This article continues the analysis I started in my previous article, DAG: beyond the “A”.

We all understand that a good technology solution must have high levels of availability, and that **simplicity** and **redundancy **are the two major factors that drive solution availability. More specifically:

- The simpler the solution (the fewer independent critical components it has), the higher the availability of the solution;
- The more redundant the solution (the more of multiple, identical components that duplicate each other and provide redundant functionality), the higher the availability of solution.
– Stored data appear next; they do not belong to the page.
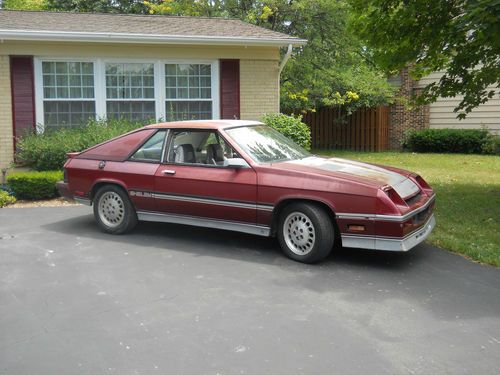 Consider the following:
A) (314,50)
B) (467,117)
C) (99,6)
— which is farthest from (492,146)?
(99,6)

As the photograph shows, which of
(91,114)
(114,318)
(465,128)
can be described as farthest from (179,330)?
(465,128)

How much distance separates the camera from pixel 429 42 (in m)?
9.84

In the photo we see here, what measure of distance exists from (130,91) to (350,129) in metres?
12.8

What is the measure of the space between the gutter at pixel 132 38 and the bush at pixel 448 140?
1020cm

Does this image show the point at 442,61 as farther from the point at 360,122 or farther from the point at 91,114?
the point at 360,122

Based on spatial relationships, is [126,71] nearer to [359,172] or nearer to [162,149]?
[162,149]

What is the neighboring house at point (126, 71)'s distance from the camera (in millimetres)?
11773

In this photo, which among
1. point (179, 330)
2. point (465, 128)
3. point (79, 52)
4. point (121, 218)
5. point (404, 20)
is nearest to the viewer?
point (179, 330)

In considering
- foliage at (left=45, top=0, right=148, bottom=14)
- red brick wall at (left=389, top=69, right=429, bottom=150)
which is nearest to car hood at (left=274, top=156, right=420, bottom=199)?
red brick wall at (left=389, top=69, right=429, bottom=150)

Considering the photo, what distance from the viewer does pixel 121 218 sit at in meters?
7.52

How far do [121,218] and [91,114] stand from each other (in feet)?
18.1

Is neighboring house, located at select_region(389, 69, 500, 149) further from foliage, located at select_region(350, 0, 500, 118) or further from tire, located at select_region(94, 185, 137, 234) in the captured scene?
tire, located at select_region(94, 185, 137, 234)

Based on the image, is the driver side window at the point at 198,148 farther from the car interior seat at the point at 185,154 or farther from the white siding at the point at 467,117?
the white siding at the point at 467,117

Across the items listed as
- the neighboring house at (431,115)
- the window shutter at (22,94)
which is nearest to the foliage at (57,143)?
the window shutter at (22,94) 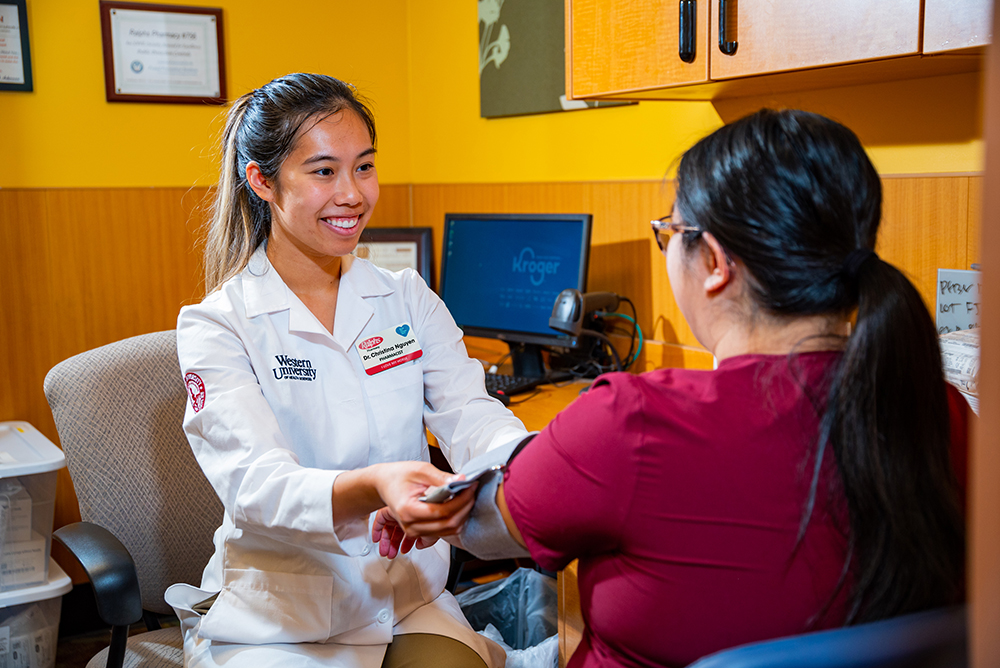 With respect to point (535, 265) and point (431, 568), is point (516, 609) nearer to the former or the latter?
point (431, 568)

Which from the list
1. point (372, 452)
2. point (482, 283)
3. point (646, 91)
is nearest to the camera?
point (372, 452)

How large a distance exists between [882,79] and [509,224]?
1139 millimetres

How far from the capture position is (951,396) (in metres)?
1.03

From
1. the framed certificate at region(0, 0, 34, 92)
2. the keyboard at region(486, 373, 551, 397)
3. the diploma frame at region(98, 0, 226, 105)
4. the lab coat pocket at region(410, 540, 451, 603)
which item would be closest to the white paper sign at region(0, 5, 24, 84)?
the framed certificate at region(0, 0, 34, 92)

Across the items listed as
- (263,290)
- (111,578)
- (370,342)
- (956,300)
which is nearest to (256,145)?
(263,290)

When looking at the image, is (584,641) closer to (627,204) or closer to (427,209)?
(627,204)

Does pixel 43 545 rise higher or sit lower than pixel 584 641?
lower

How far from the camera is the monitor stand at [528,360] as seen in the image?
2.50 metres

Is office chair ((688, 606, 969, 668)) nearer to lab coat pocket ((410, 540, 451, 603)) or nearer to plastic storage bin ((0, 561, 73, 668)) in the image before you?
lab coat pocket ((410, 540, 451, 603))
My previous article provides mathematical formulas that allow you to calculate *planned* availability levels for your specific designs. However, this analysis was performed from a standpoint of a single datacenter (site). Recently the question was asked: **how does bringing site resilience to an Exchange design affect the solution's overall level of availability**? How much, if any, will we increase overall solution availability if we deploy Exchange in a site resilient configuration? Is it worth it?

## Availability of a Single Datacenter Solution

Let us reiterate some of the important points for a single site/datacenter solution first. Within a datacenter, there are multiple critical components of a solution, and the availability of an entire solution can be analyzed using the principles described in DAG: beyond the “A”, based on the individual availability and redundancy levels of the solution components.

Most interestingly, availability depends on the number of redundant database copies deployed. If the availability of a single database copy is A = 1–P (this includes the database copy, and the server and disk that are hosting it), then the availability of a set of N database copies will be A(N) = 1–P^{N} = 1–(1–A)^{N}. The more copies, the higher the availability; the fewer copies, the lower the availability. The graph below illustrates this formula showing the dependency of A(N) on N:

**Note:** All plots in this article were built using the Wolfram Alpha online mathematical computation engine.

For example, if A = 90% (value selected on the graph above), and N=4, then A(4) = 99.99%.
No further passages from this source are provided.